* [What you have to do]: Could you give the data that follows again exactly, without its pictures?

* [Data shown]:
┌──
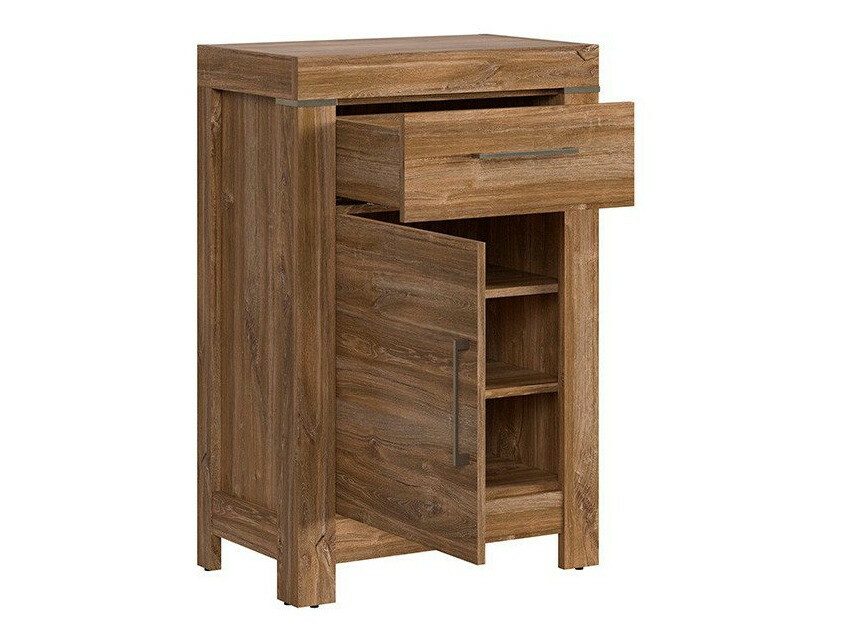 Conjunto para corredor Etrlire 134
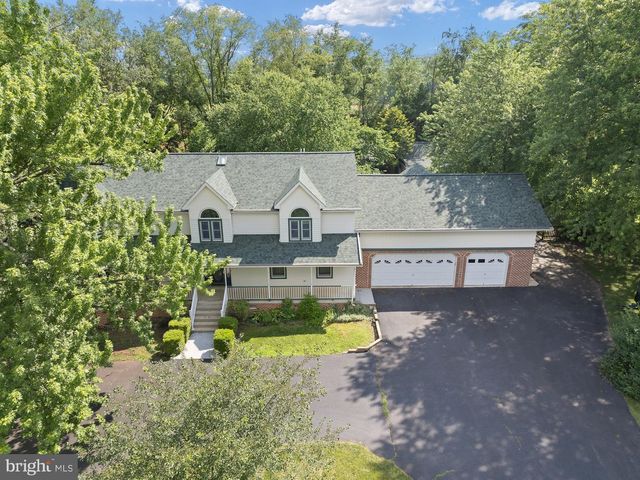 6 SKI RUN TRAIL, Fairfield, PA 17320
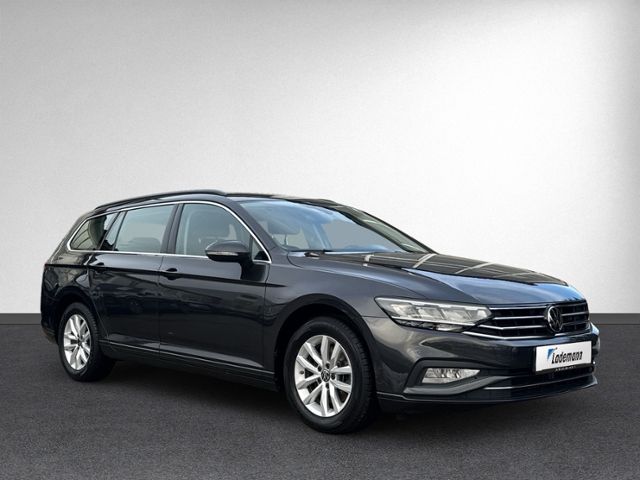 Passat Variant 1.5 TSI DSG LED+NAVI.+KAMERA+ACC+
└──
* [Problem solution]:
 Conjunto para corredor Etrlire 134
 6 SKI RUN TRAIL, Fairfield, PA 17320
 Passat Variant 1.5 TSI DSG LED+NAVI.+KAMERA+ACC+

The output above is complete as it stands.